Wolfen/MZ. - Kupferband fixieren und schneiden. Dann biegen, bohren und verpacken. Das ist eine Arbeit, die Elias Mothier gefällt. „Ich bringe gern eine Sache zu Ende“, sagt der junge Mann im französisch eingefärbten Deutsch. Er fühlt sich wohl im Metallbereich der Wolfener Werkstätten des Diakonievereins Bitterfeld-Wolfen-Gräfenhainichen und ist Teil einer zwölfköpfigen Gruppe aus der Wolfener Partnerstadt Villefontaine. Es sind Menschen mit Handicap, die neues Land erkunden.

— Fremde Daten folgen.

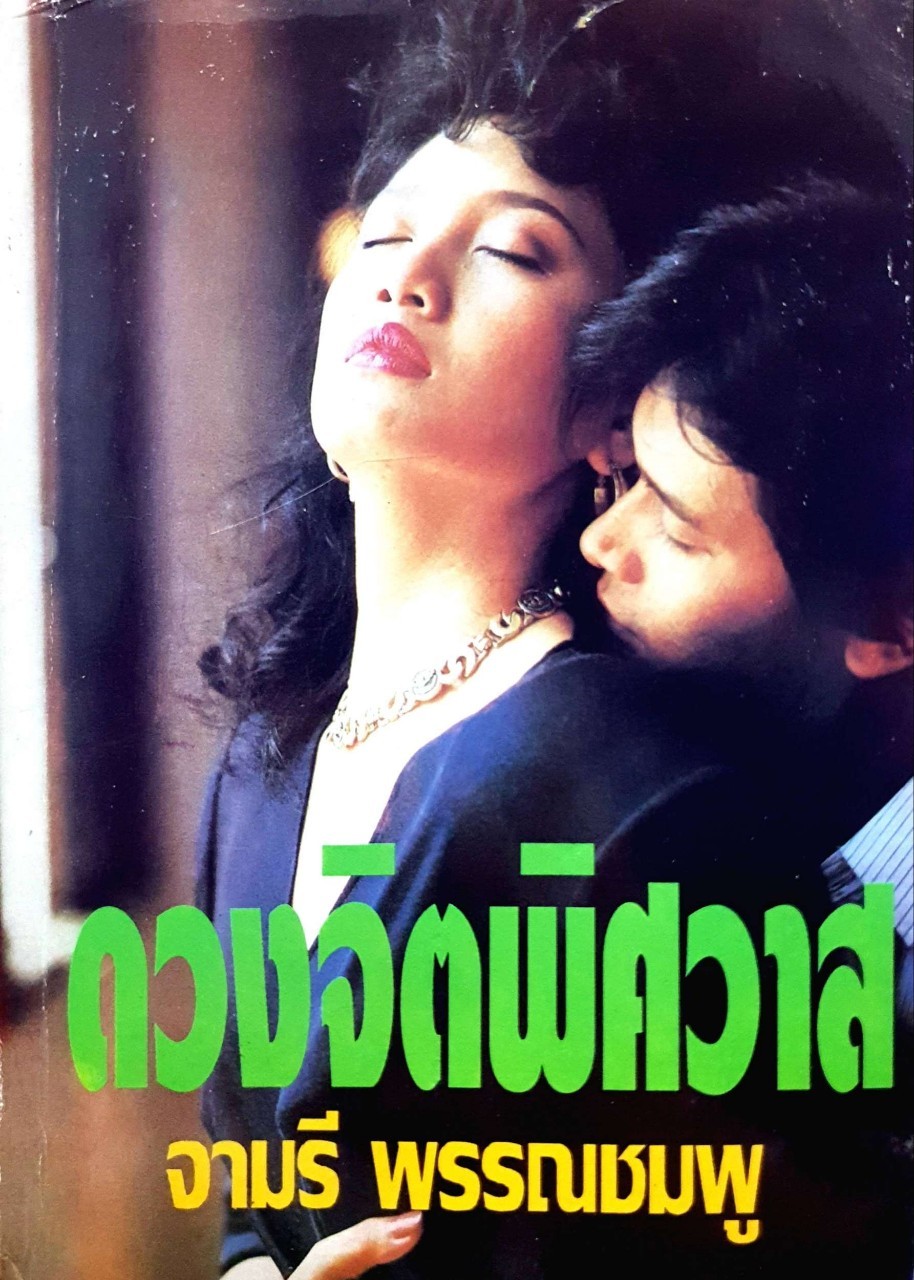 ดวงจิตพิศวาส : จามรี พรรณชมพู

Weit ab vom Tourismus - Partner arbeiten gemeinsam in der Werkstatt
Sie sind auf Einladung des Städtepartnerschaftsvereins der Stadt Wolfen Grenzgänger der anderen Art. „Es ist eben kein Tourismus. Es geht darum, Erfahrungen zu sammeln. Das soll auch Menschen mit Handicap möglich sein“, erklärt Tobias Köppe. Mit Vereinsfreunden, Partnern in Witten und Villefontaine hat er lange getüftelt, wie ein Austausch praktisch funktionieren könnte. Es war zunächst sehr viel Theorie. „Jetzt folgte mit dem Austausch die Krönung“, meint Köppe.

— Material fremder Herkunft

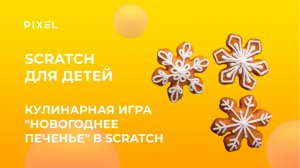 Кулинарная игра «Новогоднее печенье» в Scratch | Создаем новогоднюю игру в Скретч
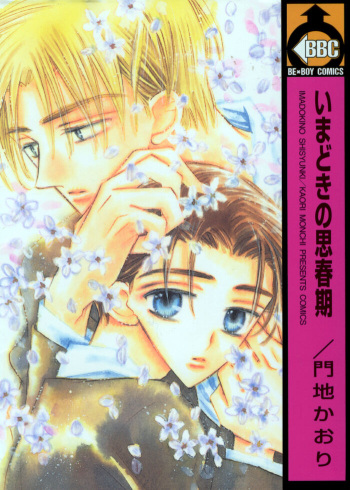[monchi kaori] Imadoki no Shishunki [English] [incomplete] cover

Zur Begegnung der nicht alltäglichen Art gehört die Arbeit in den Werkstätten, aber auch das Zusammenkommen mit Vertretern der Stadtgesellschaft. „Wir waren viel unterwegs. Mit dem Rad und dem Bus“, erzählt Elias Mothier.

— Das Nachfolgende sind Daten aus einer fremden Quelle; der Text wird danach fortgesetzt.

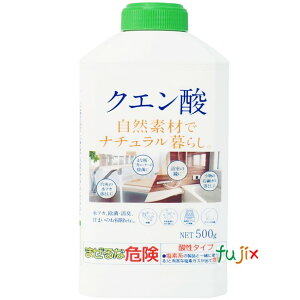 i`炵 NG_ { 500g 24^P[X Jl΂@390025-A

Er freut sich, endlich mehr Deutsch sprechen zu können und hat schon einmal eine Bewerbung für ein Praktikum in den Wolfener Werkstätten abgegeben. Ob das realisierbar ist, bleibt abzuwarten.
Für den jungen Mann wäre es die Erfüllung, zumal er seine Arbeit dann im Heimatland seiner Mutter machen könnte. „Sie ist Deutsche“, erzählt er, während seine Wolfener Paten Sybille Scheler und Steven Lichtenstein Mothiers Arbeitseifer loben. „Der macht das richtig gut. Der kann wiederkommen.“
Deutsch-Französischer Bürgerfonds hilft
Man versteht sich, auch wenn es manchmal an der Sprache hapert. Doch Victor Brizard, Ibrahim Ghenam und Clément Pottier wissen sich, wie ihre deutschen Partner, zu helfen. Wo Worte fehlen, helfen Zeichen. Alles läuft in den Werkstätten. Man lernt voneinander und übereinander. „So eine Städtepartnerschaft braucht immer wieder neue Impulse. Dieser Austausch der Menschen in den Werkstätten gehört dazu“, ist Tobias Köppe überzeugt. Auch seine Wittener Mitstreiterin Rosemarie Tastevin teilt seine Meinung. „Ich bin froh, dass das alles so wunderbar funktioniert“, erzählt sie.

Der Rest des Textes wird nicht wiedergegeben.